5. Choose a Saxon word where possible, unless you want to describe something hyperbolically. That was a strange sentence, so let me explain. Saxon words are just your standard vocabulary of ordinary English words that are derived, more or less, from old English. Think of words like "dad." The Latinate equivalent of "dad" is "father," which has a much more formal connotation. This is typical of Saxon vs. Latinate word pairs (e.g., talkative vs. loquacious) - the Saxon word gets the point across, and the Latinate word does it in cursive and a French accent.

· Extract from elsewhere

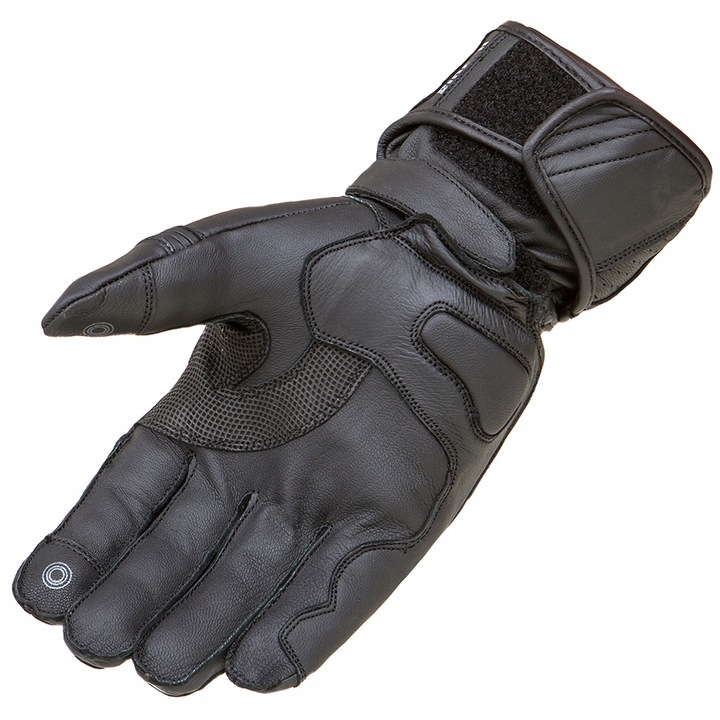 MOCNE RĘKAWICE MOTOCYKLOWE OZONE RIDE II M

Saxon words are useful for storytelling. They're plain, they're understandable, and they get the job done. Latinate words do not make you sound smarter, contrary to popular belief. Rather, if used in the correct proportions to Saxon words, they emphasize themselves. The effect is typically amusing. 

In the essay above, consider the sentence: "The idea of someone dispensing liquid into my eyeballs made me feel sick." Can you spot the two Latin words? If you said "dispense" and "liquid," you'd be correct. These two words stand out and place emphasis on the act of dispensing and what was dispensed, and the contrast with Saxon "eyeball" makes the reader aware, whether they know it or not, that liquid should never be dispensed into eyeballs.

Notice how the sentence changes if I say: "The idea of someone putting stuff into my eyes made me feel sick." There's no emphasis here, and it's about as bland as cold rice.

6. Cut out extra words. "That" is the worst culprit. If you see "that" anywhere in your essay, stop, drop, and consider whether you would say "that" if you said the sentence aloud. From above: "Do you think that she's having a seizure?" would be a case of unnecessary that.

Use the space you've created to drop in interesting words. Describe the doctor squatting "awkwardly." But:

7. Don't use too many adjectives or adverbs. Use strong language instead. By strong language, I do not mean profanity (although it is course policy that we are, in fact, allowed to swear in journalism class). I mean entertaining words. "Canteen," for example, instead of "metal water bottle." Or "gasped" instead of "said with horror." 

Next time your professor assigns you a dry writing prompt, make it interesting. Decide you're going to have fun, and then stick to the plan! Don't be tempted by fat thesauruses, excessively formal language, or long sentences. Write in clear, plain English. Tell your reader what they want to know, and do it in a way they'll enjoy. That's the secret sauce for acing your next paper.